El recurrente deberá acreditar mediante resguardo entregado en la secretaría de esta Sala de lo Social al tiempo de preparar el recurso, la consignación de un depósito de 600 euros.
Los ingresos a que se refieren los párrafos anteriores se deberán efectuar, o bien en entidad bancaria del Banco Santander, o bien mediante transferencia o por procedimientos telemáticos de la forma siguiente: A) Si se efectúan en una oficina del Banco Santander, se hará en la Cuenta de Depósitos y Consignaciones de dicho grupo número 4699-0000-66-1753-2017.

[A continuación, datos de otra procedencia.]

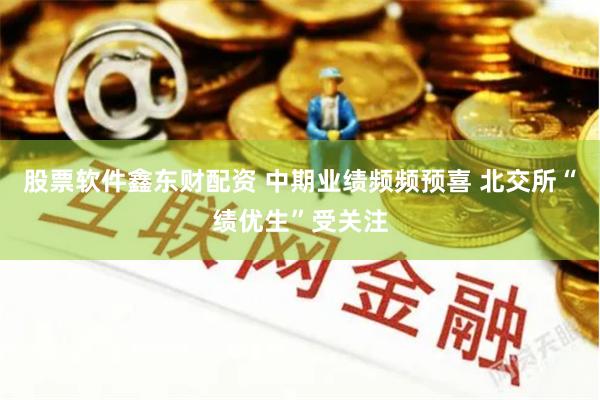 股票软件鑫东财配资 中期业绩频频预喜 北交所“绩优生”受关注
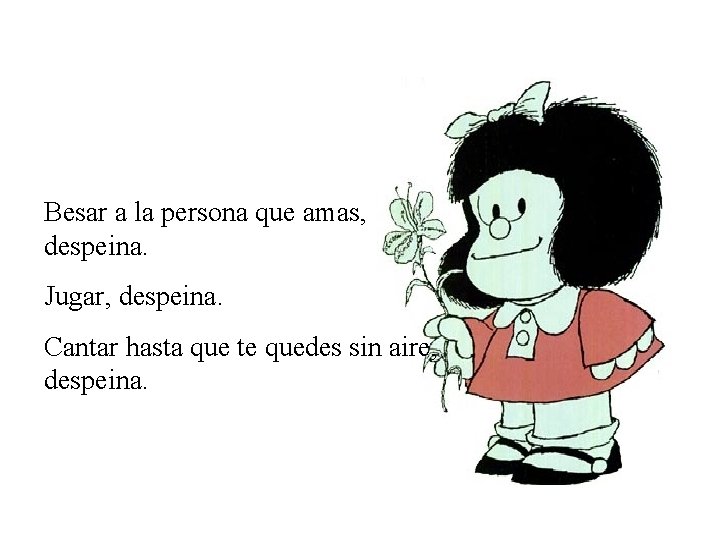 Besar a la persona que amas, despeina. Jugar, despeina. Cantar hasta que te quedes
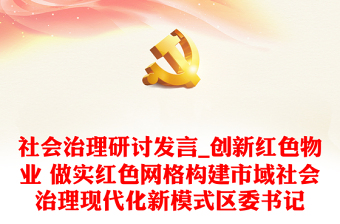 社會治理研討發(fā)言_創(chuàng)新紅色物業(yè) 做實紅色網(wǎng)格構(gòu)建市域社會治理現(xiàn)代化新模式區(qū)委書記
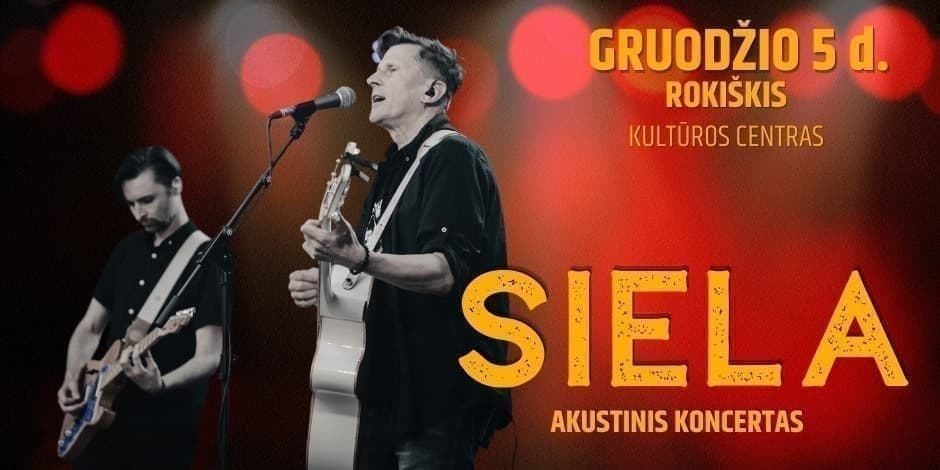 Grupės SIELA akustinis koncertas Rokškio kultūros centre!!!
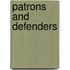 Patrons And Defenders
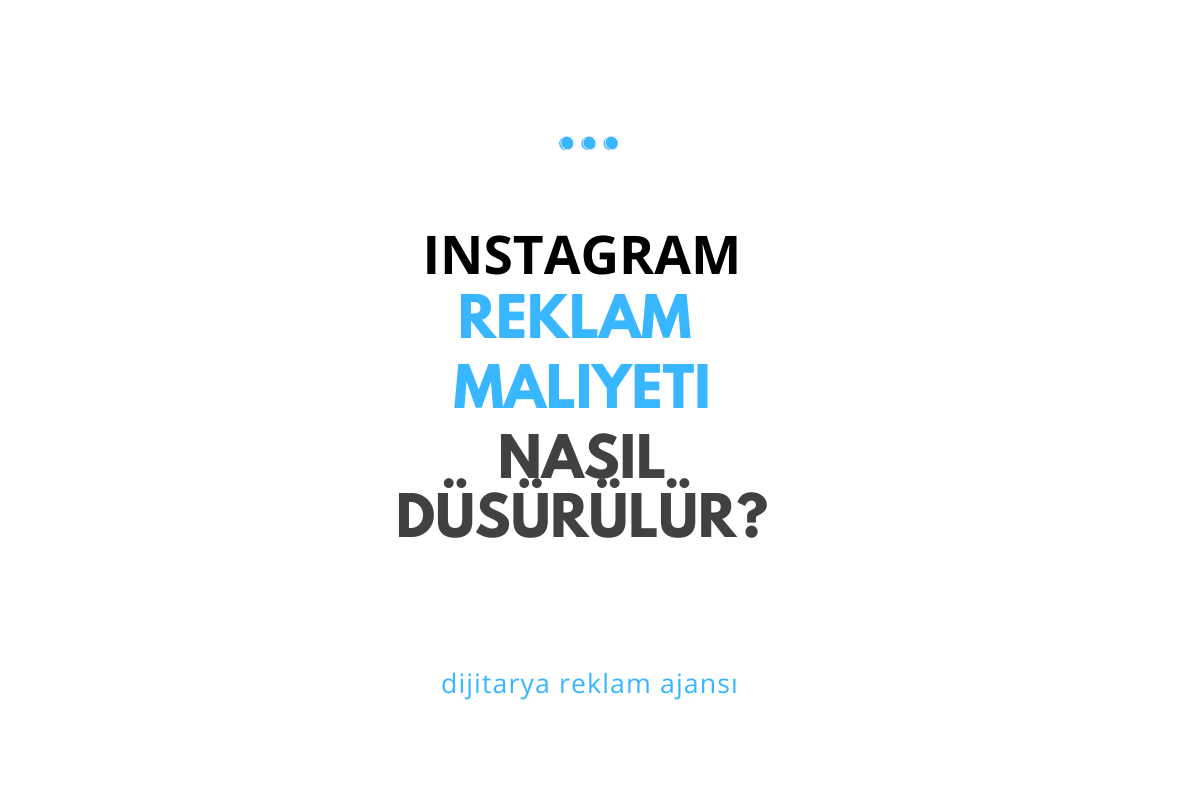 Instagram Reklam Maliyeti Nasıl Düşürülür?
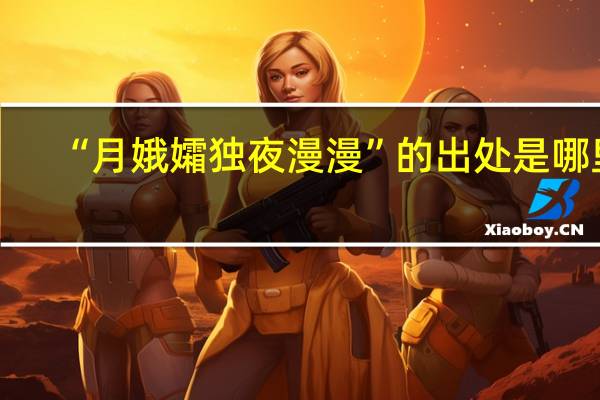 “月娥孀独夜漫漫”的出处是哪里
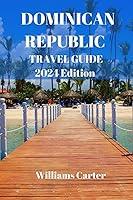 Algopix Similar Product 13 - Dominican republic travel guide 2024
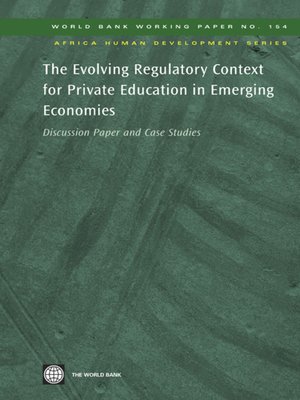 cover image of The Evolving Regulatory Context for Private Education in Emerging Economies: Discussion Paper and Case Studies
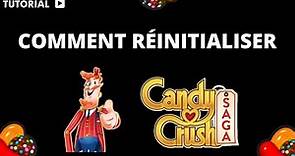 Comment réinitialiser candy crush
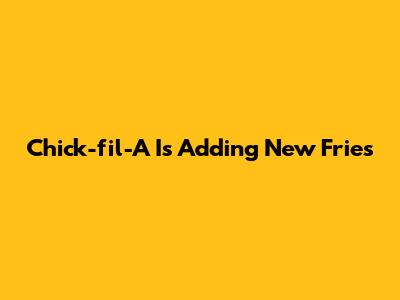 Chick-fil-A Is Adding New Fries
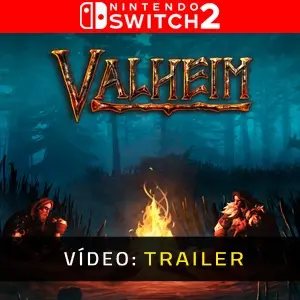 Valheim Nintendo Switch 2 - Trailer do vídeo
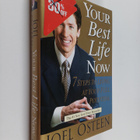 Joel Osteen : Your best life now : 7 steps to living at y... - pikkukuva 1
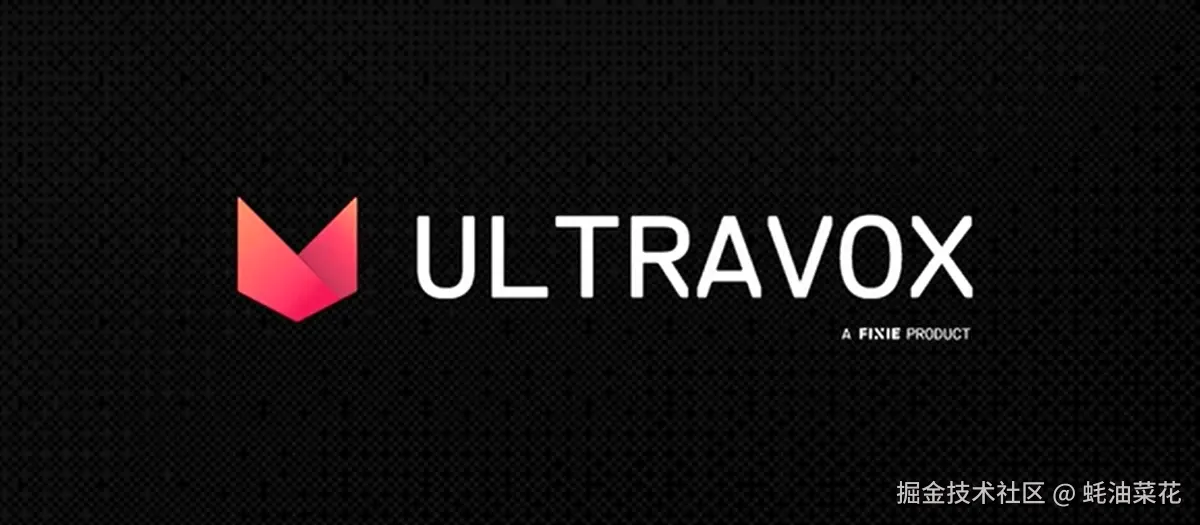 公众号: 蚝油菜花 - ultravox/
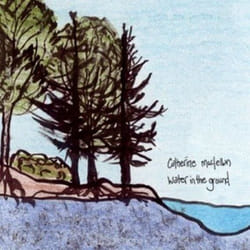 Alive AG Water in the ground/Dark dream midnight CD Singer/Songwriter MacLellan, Catherine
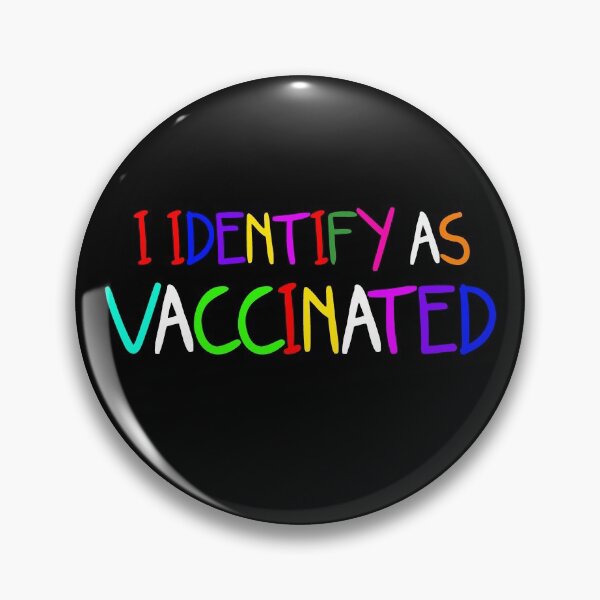 Item preview, I Identify As Vaccinated designed and sold by thebeardedscot.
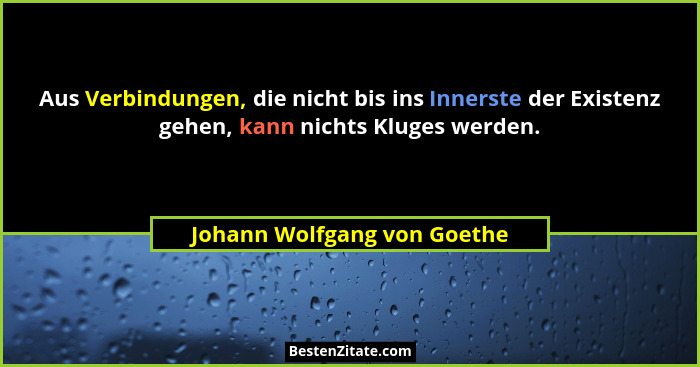 Aus Verbindungen, die nicht bis ins Innerste der Existenz gehen, kann nichts Kluges werden.... - Johann Wolfgang von Goethe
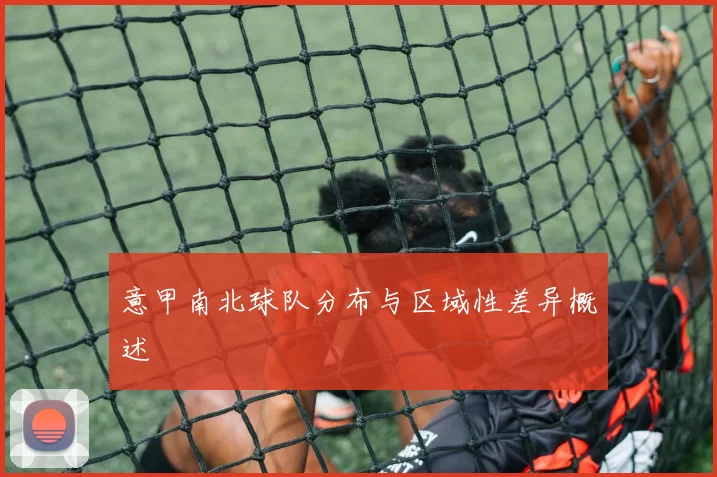 意甲南北球队分布与区域性差异概述
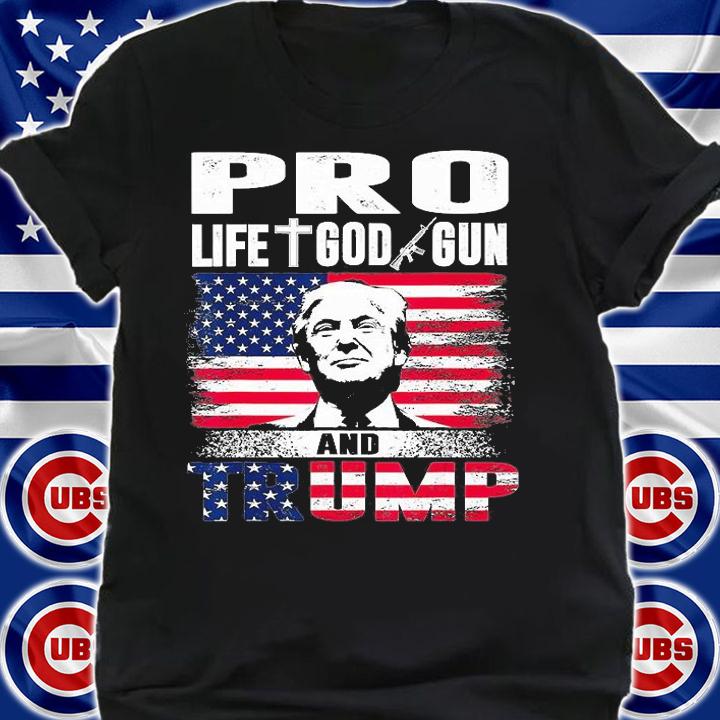Funny Pro Life God Gun And Trump President Flag Vintage T-Shirt shirt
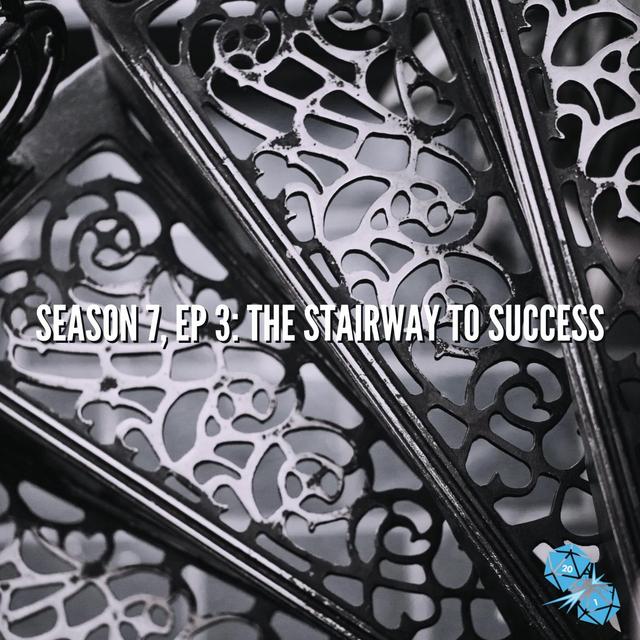 The Stairway to Success (S7, E3) - podcast episode cover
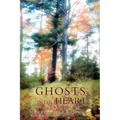 Ghosts in the Heart
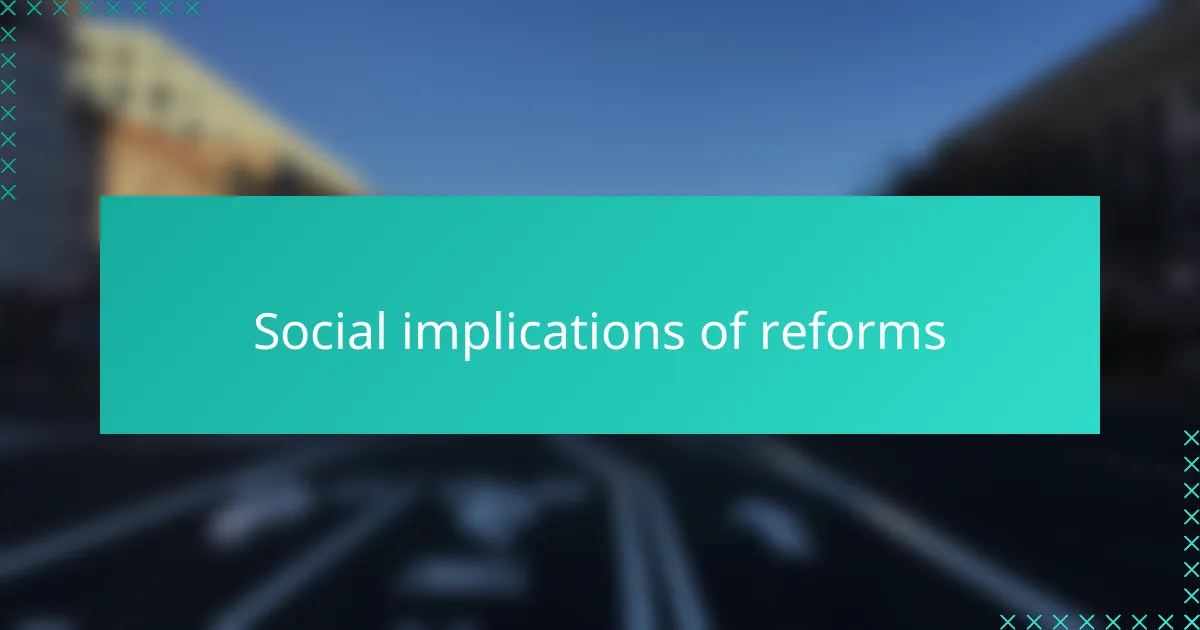 Social implications of reforms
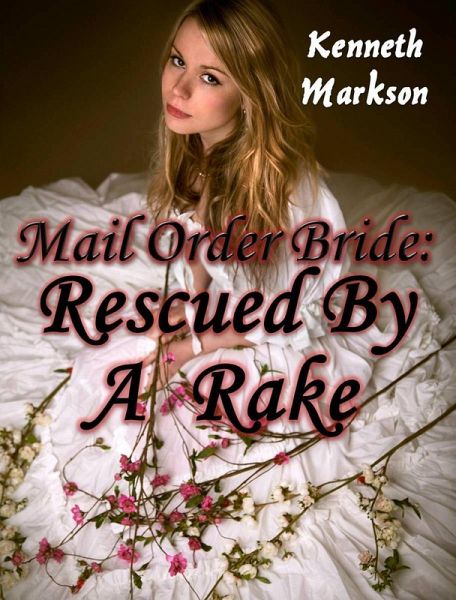 Mail Order Bride: Rescued By A Rake (Rescued Western Historical Mail Order Brides, #2) (eBook, ePUB)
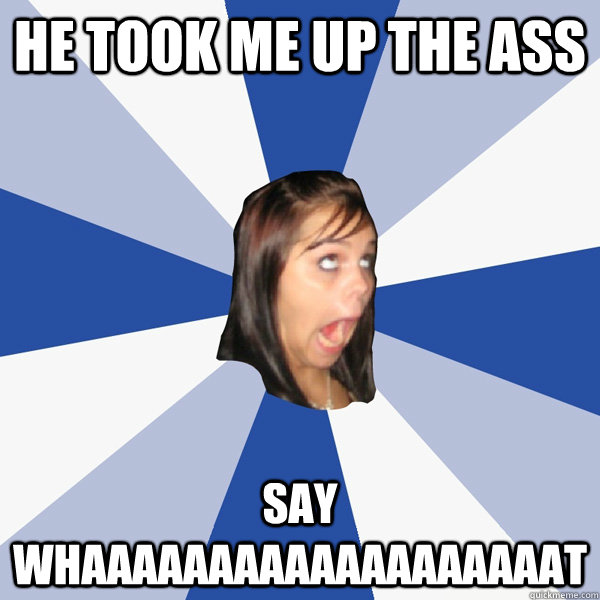 He took me up the ass Say whaaaaaaaaaaaaaaaaaaat  Annoying Facebook Girl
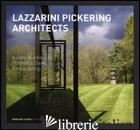 LPA. LAZZARINI PICKERING ARCHITECTS. EDIZ. ITALIANA E INGLESE - DARDI D. (CUR.); GIORGI E. (CUR.)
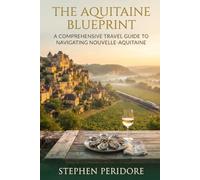 The Aquitaine Blueprint: A Comprehensive Travel Guide to Navigating Nouvelle-Aquitaine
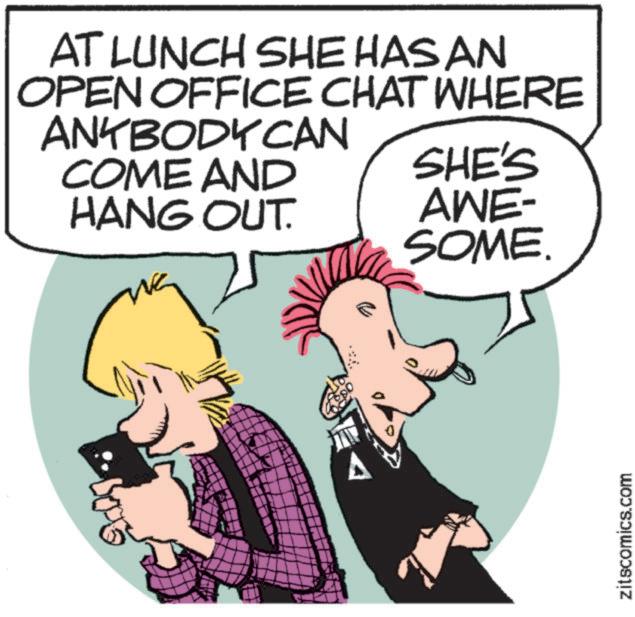 Animated cartoon OCR: AT LUNCH SHE HAS AN OPEN OFFICE CHAT WHERE ANYBODY CAN COME AND HANG OUT. SHE'S AWE- SOME. zitscomics.com AT LUNCH SHE HAS AN OPEN OFFICE CHAT WHERE ANYBODY CAN COME AND HANG OUT . SHE'S AWE- SOME . zitscomics.com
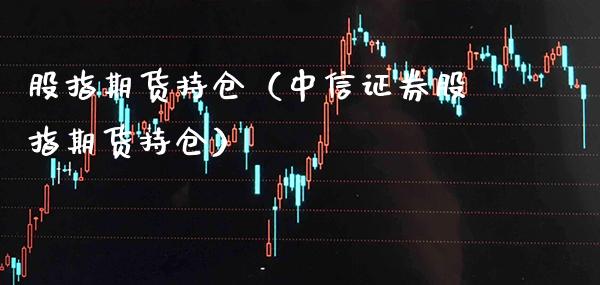股指期货持仓（证券股指期货持仓）_https://www.gnhpgy.com_原油期货_第1张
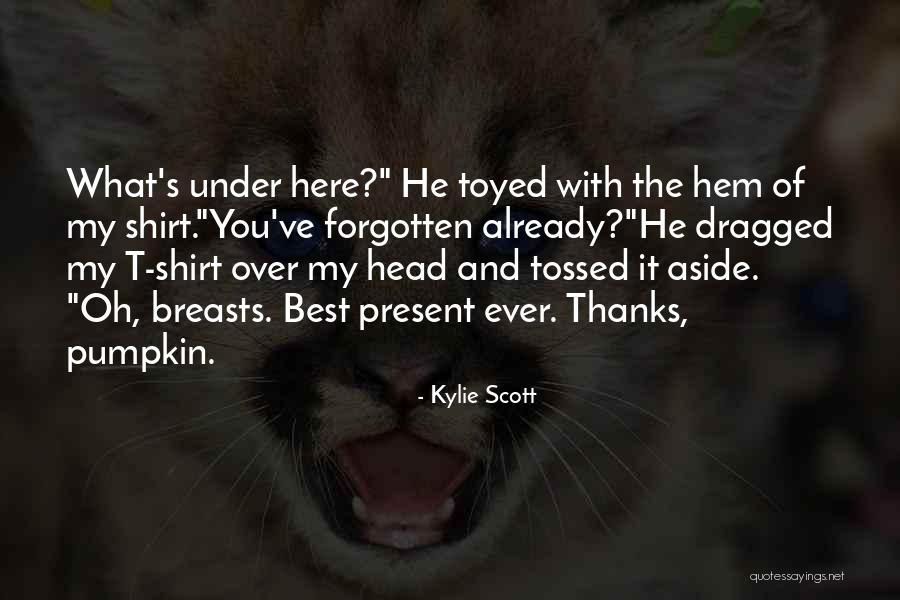 Best Present Ever Quotes By Kylie Scott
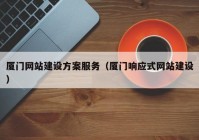 厦门网站建设方案服务（厦门响应式网站建设）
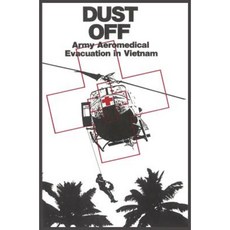 Dust Off: Army Aeromedical Evacuation of Vietnam Hardcover, Military Bookshop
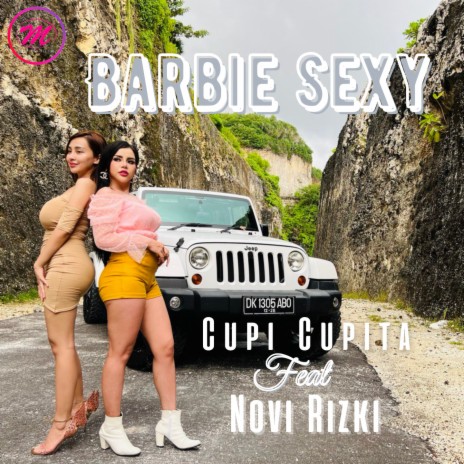 Barbie Sexy ft. Novi RIzki | Boomplay Music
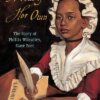 A Voice of Her Own: The Story of Phillis Wheatley, Slave Poet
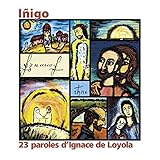 Inigo : 23 paroles d'Ignace de Loyola illustrées à la manière de Georges Rouault by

B) Si se efectúan a través de transferencia o por procedimientos telemáticos, se hará en la cuenta número ES55 0049 3569 9200 0500 1274, haciendo constar en el campo reservado al beneficiario el nombre de esta Sala de lo Social del Tribunal Superior de Justicia del País Vasco, y en el campo reservado al concepto el número de cuenta 4699-0000- 66-1753-2017.
Están exceptuados de hacer todos estos ingresos las Entidades Públicas, quienes ya tengan expresamente reconocido el beneficio de justicia gratuita o litigasen en razón a su condición de trabajador o beneficiario del regimen público de la Seguridad Social (o como sucesores suyos), aunque si la recurrente fuese una Entidad Gestora y hubiese sido condenada al abono de una prestación de Seguridad Social de pago periódico, al anunciar el recurso deberá acompañar certificación acreditativa de que comienza el abono de la misma y que lo proseguirá puntualmente mientras dure su tramitación.